Cependant, si la qualité pédagogique de l'art de Kleiber n'engendre aucune critique valable, ses relations humaines sont quelquefois sujettes à caution, eu égard à ses rapports aux femmes ou à certaines paroles formulées face à un orchestre qui n'accepte pas de le suivre là où il entend le mener.
Le réalisateur cherche en outre à nous faire comprendre pourquoi Carlos Kleiber enregistra si peu et les raisons d'un répertoire si restreint. Les réponses données se montrent éclairantes et nous amènent à nous pencher sur la figure du père, lui-même chef d'une grande valeur, et de la mère, à la présence très forte. Cela est d'ailleurs presque paradoxal mais aussi révélateur de voir autant d'archives concernant le père que le fils !
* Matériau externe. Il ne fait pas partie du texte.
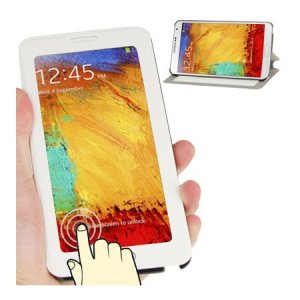 CUSTODIA FLIP ORIZZONTALE TOUCH SCREEN per SAMSUNG GALAXY NOTE 3, N9000 CON FINESTRA GRANDE E STAND COLORE BIANCO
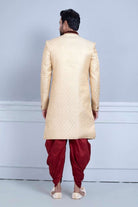 Gold Self Design Zardosi Work Sherwani For Wedding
Pourtant, au travers de ces documents visuels et sonores, le mélomane curieux approchera l'étrange phénomène qui peut se produire entre une froide partition imprimée et son incarnation sonore par le biais d'un personnage hors du commun. Même si l'ouïe seule est capable d'imaginer avec justesse l'énergie, le perfectionnisme qui se dégagent des enregistrements de Carlos Kleiber, la confirmation visuelle est là, bien présente. À ce titre, et malgré sa mauvaise qualité technique, la répétition de Tristan et Isolde dans une fosse d'orchestre nous montre un Kleiber littéralement possédé par sa musique, très souple, aux gestes larges et au visage transcendé, ne vivant que pour elle. Les musiciens d'orchestre qui ont travaillé avec lui délivrent du reste un témoignage de première main sur sa façon de parvenir à ses fins, y compris parfois sans résultat.
Le déroulement chronologique du documentaire rattache avec souplesse les étapes de la carrière du chef d'orchestre aux différentes salles qu'il marqua fortement de sa présence. L'homogénéité des impressions, même dans des contrées aussi éloignées que le Japon, renforce le sentiment d'une personnalité très attachante, mais aussi d'un certain gâchis, dû au seul tempérament de l'homme : combien de concerts annulés à la dernière minute au mépris des organisateurs, des artistes et des spectateurs ? Combien d'années perdues pour l'art à vivre en retrait de tout contact pour des raisons qui défient l'entendement ?
Conscient de sa valeur, Carlos Kleiber s'est construit une figure charismatique qui sait être proche de l'homme : même face à l'orchestre, traditionnellement peu enclin aux longs discours, son sens de l'humour et ses brillantes comparaisons verbales sont dignes du meilleur des comédiens et portent leurs fruits. Ce qui lui importait le plus était le résultat à obtenir, et le public a toujours suivi Carlos Kleiber, comme s'il le cautionnait tacitement pour l'édification de son propre mythe en assistant à chacun de ses concerts.
À noter : La voix off utilisée tout au long de ce documentaire est en anglais. En revanche, la plupart des intervenants s'expriment en allemand. Mais tous ces propos sont sous-titrés.